McTufty, I hope I didn't give the impression that raising tax revenue was simple overall, though there are few things that could implemented within a month.
Hong Kong, Singapore, Toronto and Vancouver all charge a tax on any foreigner buying property that is not for their permanent residential use. Singapore is 5%, Vancouver could be 20%. It wouldn't raise a lot but it would be a start.
Not sure if it's still the case but when we were in retailing supermarket and out of town centres paid no business rates on their car parks. Next Council meeting could change all that.
Back to personal tax. If you work for someone you're taxed through PAYE, you've no choice. But multi-millionaires can give £300million to wife living abroad and neither pay tax.

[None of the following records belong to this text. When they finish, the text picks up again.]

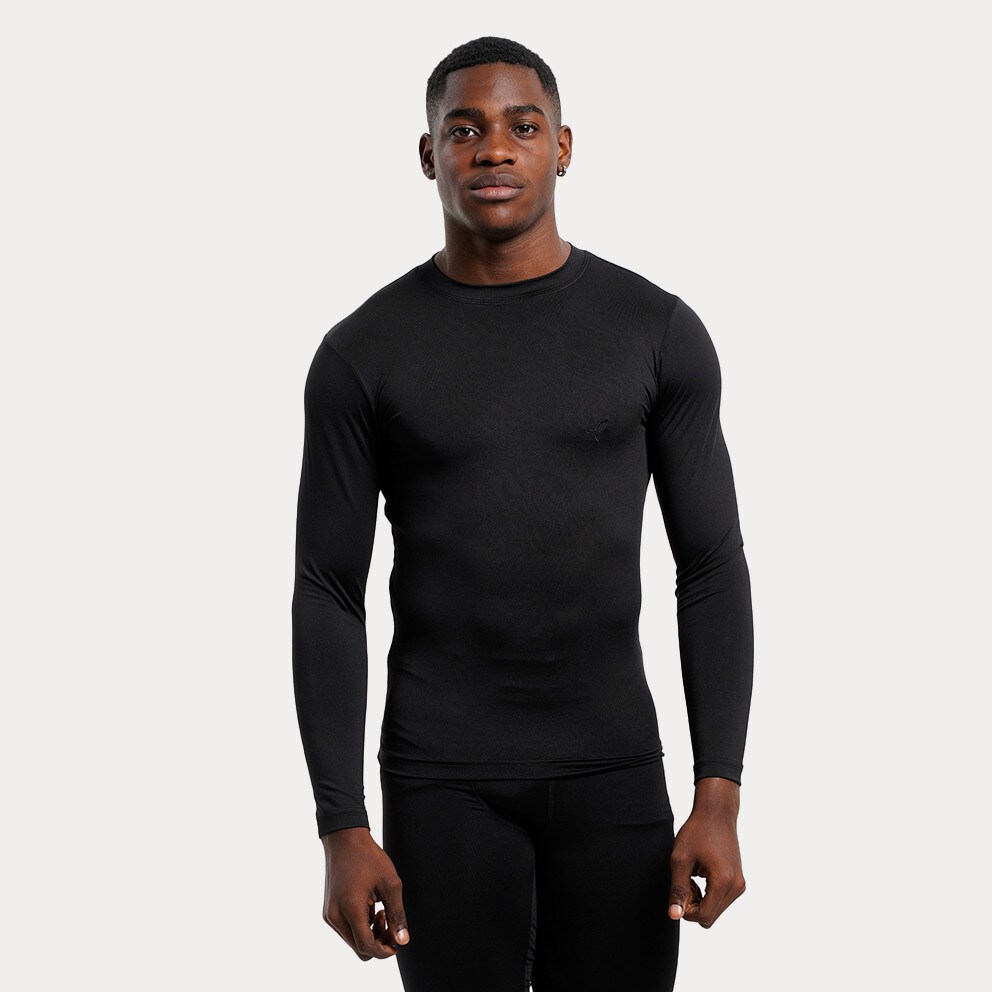 Target Long Sleeve Thermal Ανδρική Ισοθερμική Μπλούζα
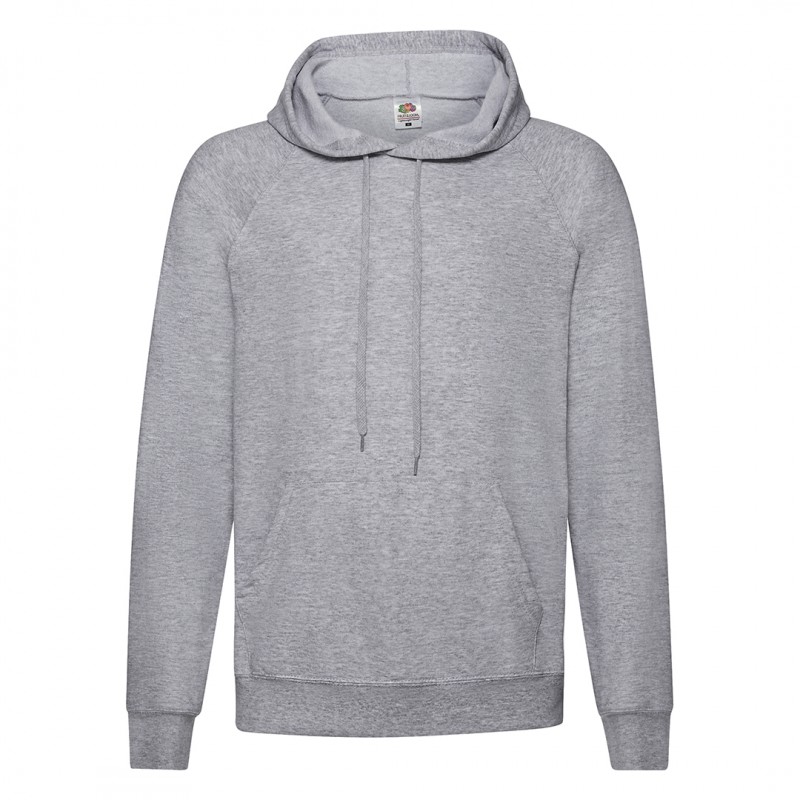 Hanorac 240 gmp Sweatshirt. Lightweight Hooded S. GREY Hanorac 240 gmp Sweatshirt. Lightweight Hooded S. GREY
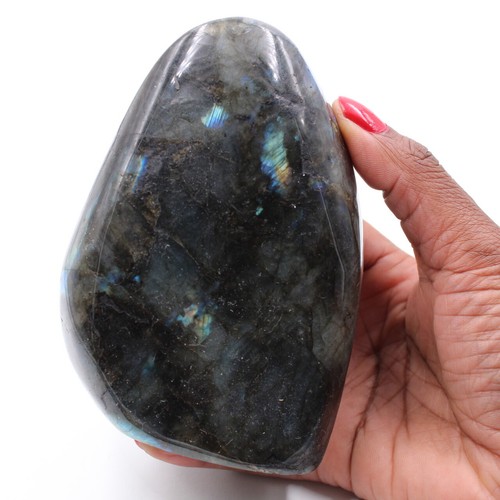 Labradorite ornamental stone - labradorite,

That can't be right.
Two of us live here, we've five apple products between us. For tax purposes Apple is based in Ireland or Luxembourg. If I buy an apple from my local greengrocer the profit he makes is taxed and goes to the UK. If I travel twenty miles to the Apple store, their profits may not go to the UK. That's not right.
Here's one reason the young might have voted Labour, well in Canterbury.
One candidate “… a 63-year-old knight of the realm, Oxbridge-educated with a military background and brief career in finance … (the other) a single mum of two boys, who worked as a teaching assistant ...'Being a single mum, being a teaching assistant, I was 100% dependent on tax credits and my salary was around £7.50 and hour and I couldn't have brought my children up without them. I really felt it was time for someone in parliament to know what they were voting about.” (Saturday's Guardian)
Hardly surprising she won.
The recession starting in 2007 (third one we've been through) had its roots in Thatcher's de-regulation of the City in 1986. Unfettered, no longer playing with their own money they had a field day.